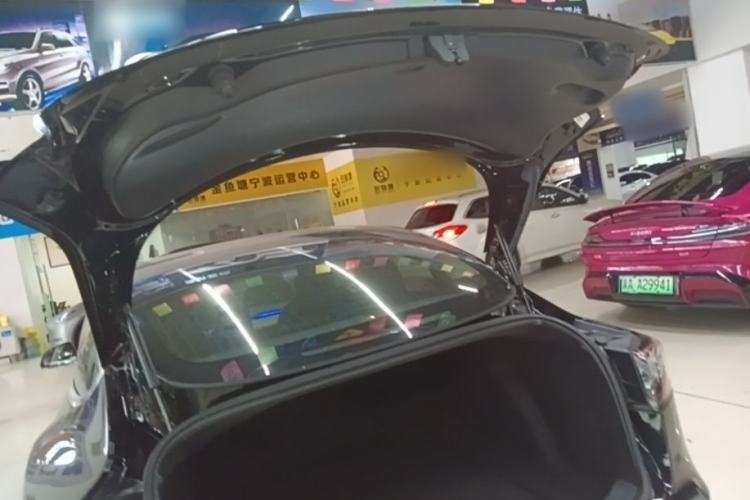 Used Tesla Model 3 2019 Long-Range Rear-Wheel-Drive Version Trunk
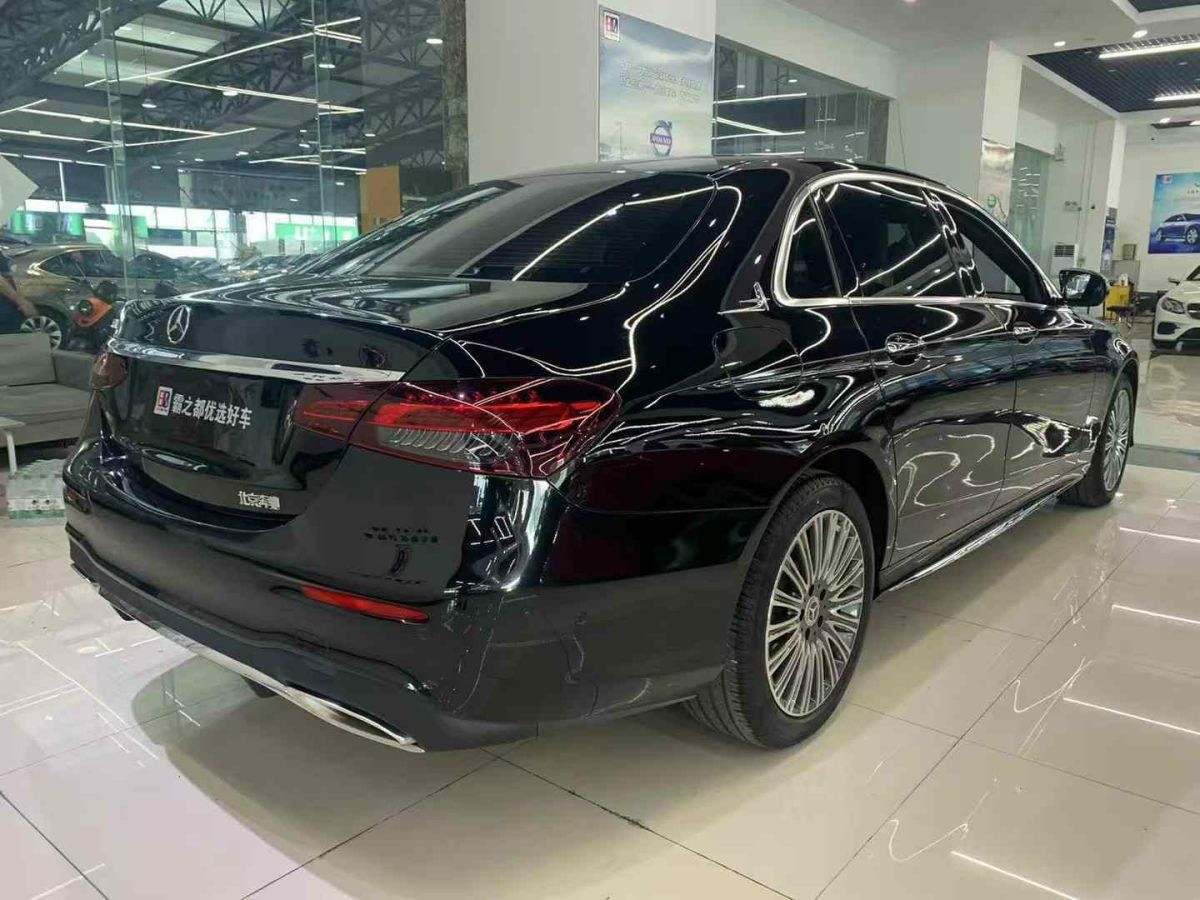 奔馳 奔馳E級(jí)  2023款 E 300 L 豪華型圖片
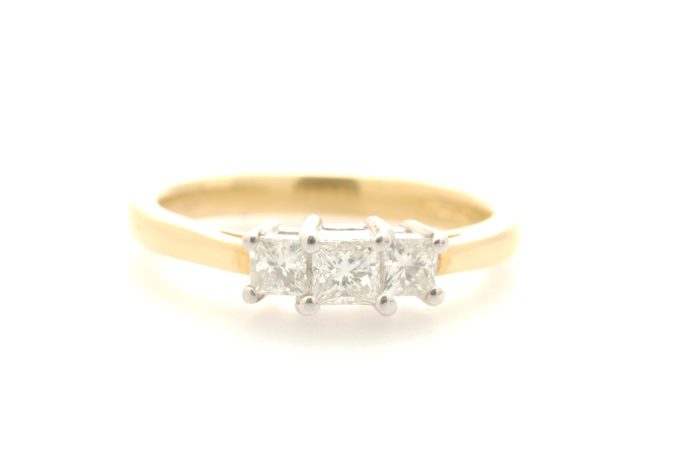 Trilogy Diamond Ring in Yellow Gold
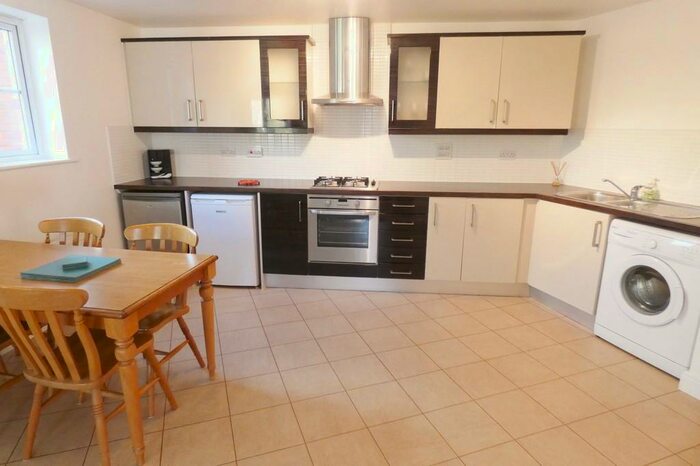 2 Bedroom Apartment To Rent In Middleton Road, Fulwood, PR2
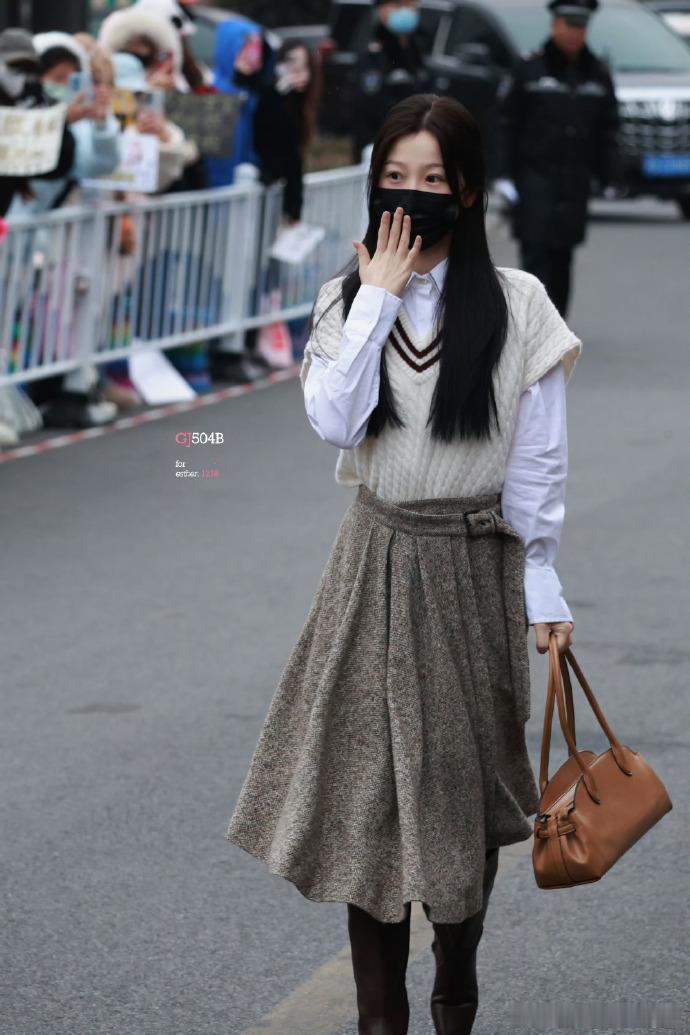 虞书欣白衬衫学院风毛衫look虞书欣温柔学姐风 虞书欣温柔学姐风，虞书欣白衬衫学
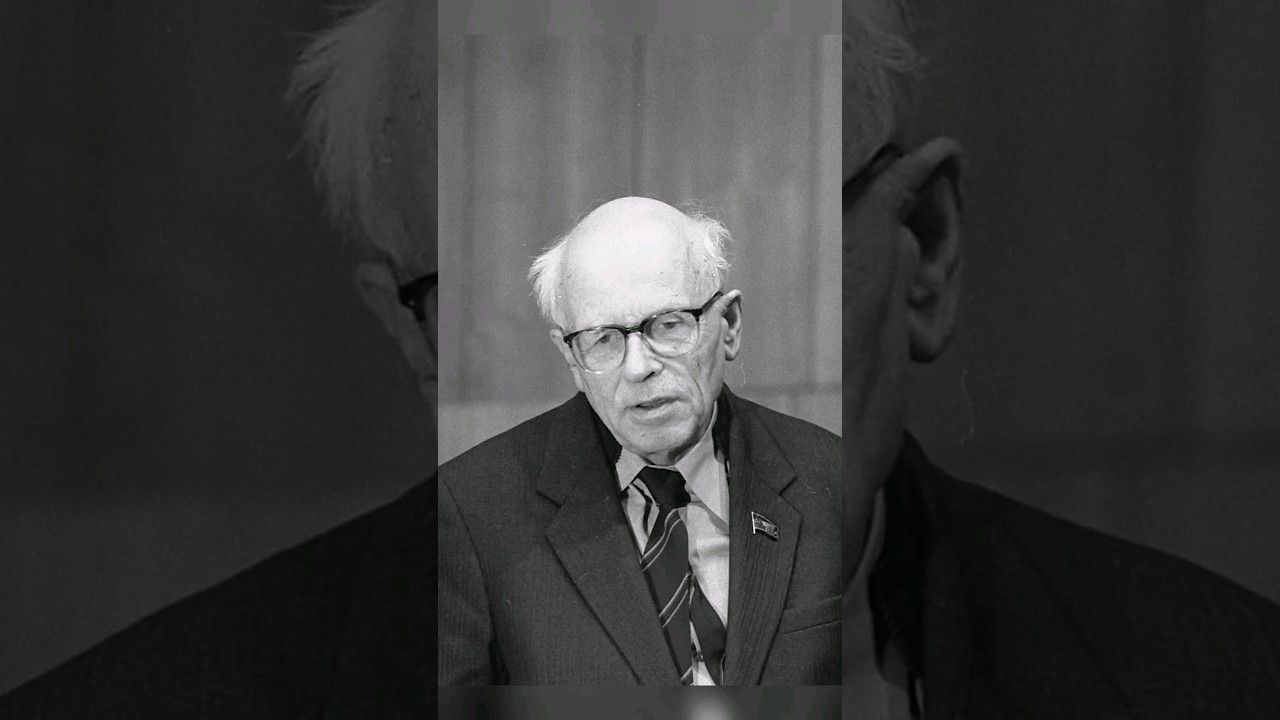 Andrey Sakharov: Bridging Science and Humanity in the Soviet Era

▸ **About this exercise**:
Omit the pictures and restate the rest of the records verbatim.

▸ **Result below**:
 Used Tesla Model 3 2019 Long-Range Rear-Wheel-Drive Version Trunk
 奔馳 奔馳E級(jí)  2023款 E 300 L 豪華型圖片
 Trilogy Diamond Ring in Yellow Gold
 2 Bedroom Apartment To Rent In Middleton Road, Fulwood, PR2
 虞书欣白衬衫学院风毛衫look虞书欣温柔学姐风 虞书欣温柔学姐风，虞书欣白衬衫学
 Andrey Sakharov: Bridging Science and Humanity in the Soviet Era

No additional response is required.